I m looking for the fastest way to replace multiple (~500) substrings of a big (~1mb) string. Whatever I have tried it seems that String.Replace is the fastest way of doing
I made a variation on Fredou's code that requires less compares as it works on int* instead of char*. It still requires n iterations for a string of n length, it just has to do less comparing. You could have n/2 iterations if the string is neatly aligned by 2 (so the string to replace can only occur at indexes 0, 2, 4, 6, 8, etc) or even n/4 if it's aligned by 4 (you'd use long*). I'm not very good at bit fiddling like this, so someone might be able to find some obvious flaw in my code that could be more efficient. I verified that the result of my variation is the same as that of the simple string.Replace.

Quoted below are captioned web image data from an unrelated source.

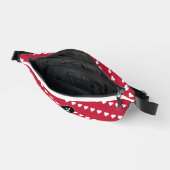 Wit hart patroon op rood monogram heuptasje (Open)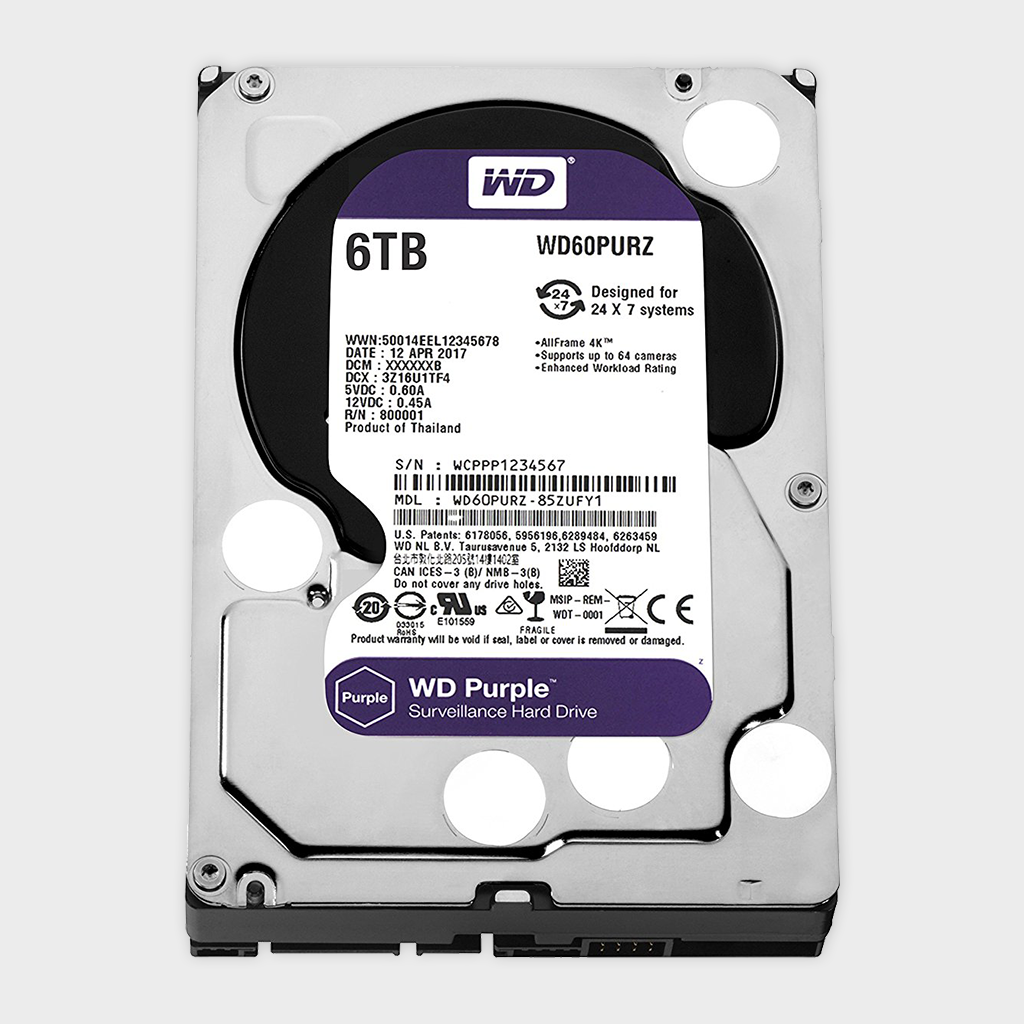 WD Purple 6TB Surveillance HDD (WD60PURZ)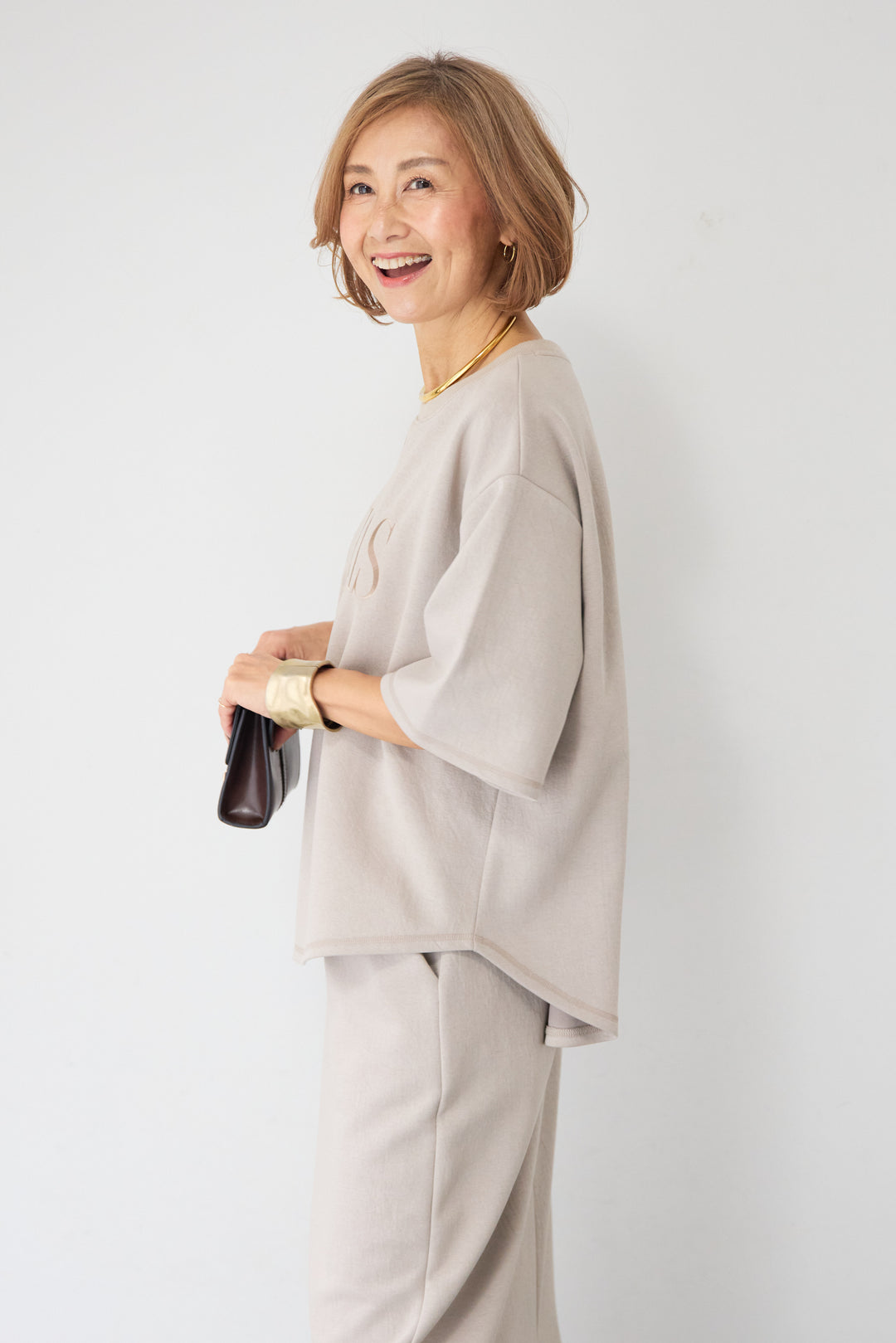 【セットアップ対応】刺繍ロゴ 5分袖スウェットプルオーバー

Additionally, I expect that some gains could be made in the 500x string.Copy that it does, but haven't looked into that yet.
My results (Fredou II):
IMPLEMENTATION | EXEC MS | GC MS
#1 Simple | 6816 | 0
#2 Simple parallel | 4202 | 0
#3 ParallelSubstring | 27839 | 4
#4 Fredou I | 2103 | 106
#5 Fredou II | 1334 | 91
So about 2/3 of the time (x86, but x64 was about the same).
For this code:
private unsafe struct TwoCharStringChunk
{
public fixed char chars[2];
}
private unsafe static void FredouImplementation_Variation1(string input, int inputLength, string replace, TwoCharStringChunk[] replaceBy)
{
var output = new string[replaceBy.Length];
for (var i = 0; i < replaceBy.Length; ++i)

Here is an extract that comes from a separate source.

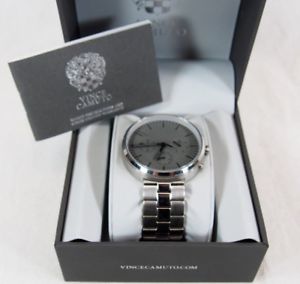 【送料無料】vince camuto vc1098gysv mens analog quartz bracelet watch, 43mm grey silver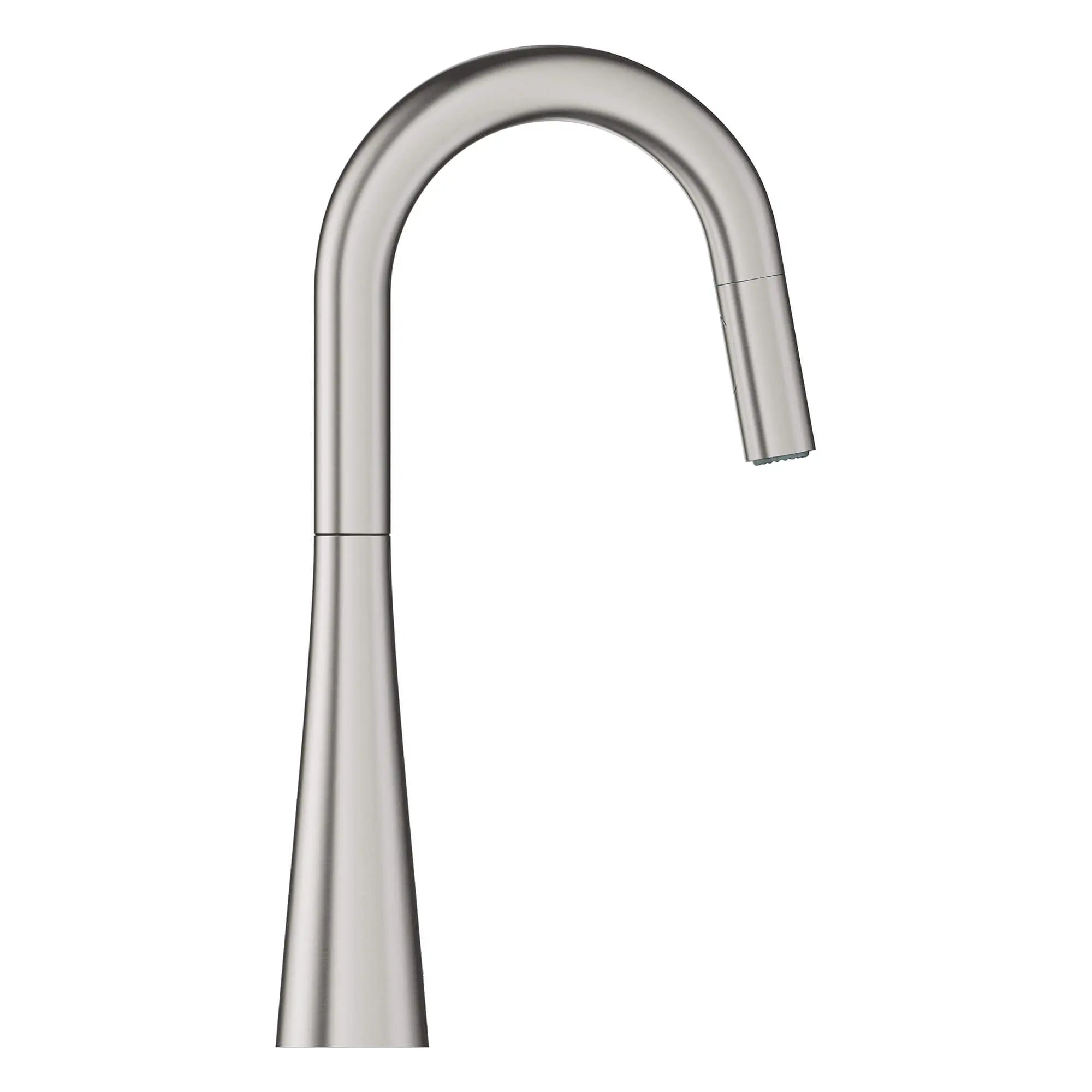 GROHE Zedra Single-Handle Pull Down Dual Spray Prep Faucet 1.75 GPM (6.6 L/min) // SUPERSTEEL INFINITYFINISH // 15141_32283dc3-ladylux-single-handle-kitchen-faucet-supersteel-infinityfinish-3_0_CDNwebp.webp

output[i] = string.Copy(input);
var r = new TwoCharStringChunk();
r.chars[0] = replace[0];
r.chars[1] = replace[1];
_staticToReplace = r;
Parallel.For(0, replaceBy.Length, l => Process_Variation1(output[l], input, inputLength, replaceBy[l]));
}
private static TwoCharStringChunk _staticToReplace ;
private static unsafe void Process_Variation1(string output, string input, int len, TwoCharStringChunk replaceBy)
{
int n = 0;
int m = len - 1;
fixed (char* i = input, o = output, chars = _staticToReplace .chars)
{
var replaceValAsInt = *((int*)chars);
var replaceByValAsInt = *((int*)replaceBy.chars);
while (n < m)
{
var compareInput = *((int*)&i[n]);
if (compareInput == replaceValAsInt)
{
((int*)&o[n])[0] = replaceByValAsInt;
n += 2;
}
else
{
++n;
}
}
}
}
The struct with the fixed buffer is not strictly necessary here and could have been replaced with a simple int field, but expand the char[2] to char[3] and this code can be made to work with three letter strings as well, which wouldn't be possible if it was an int field.
It required some changes to the Program.cs as well, so here's the full gist:
https://gist.github.com/JulianR/7763857
EDIT: I'm not sure why my ParallelSubstring is so slow. I'm running .NET 4 in Release mode, no debugger, in either x86 or x64.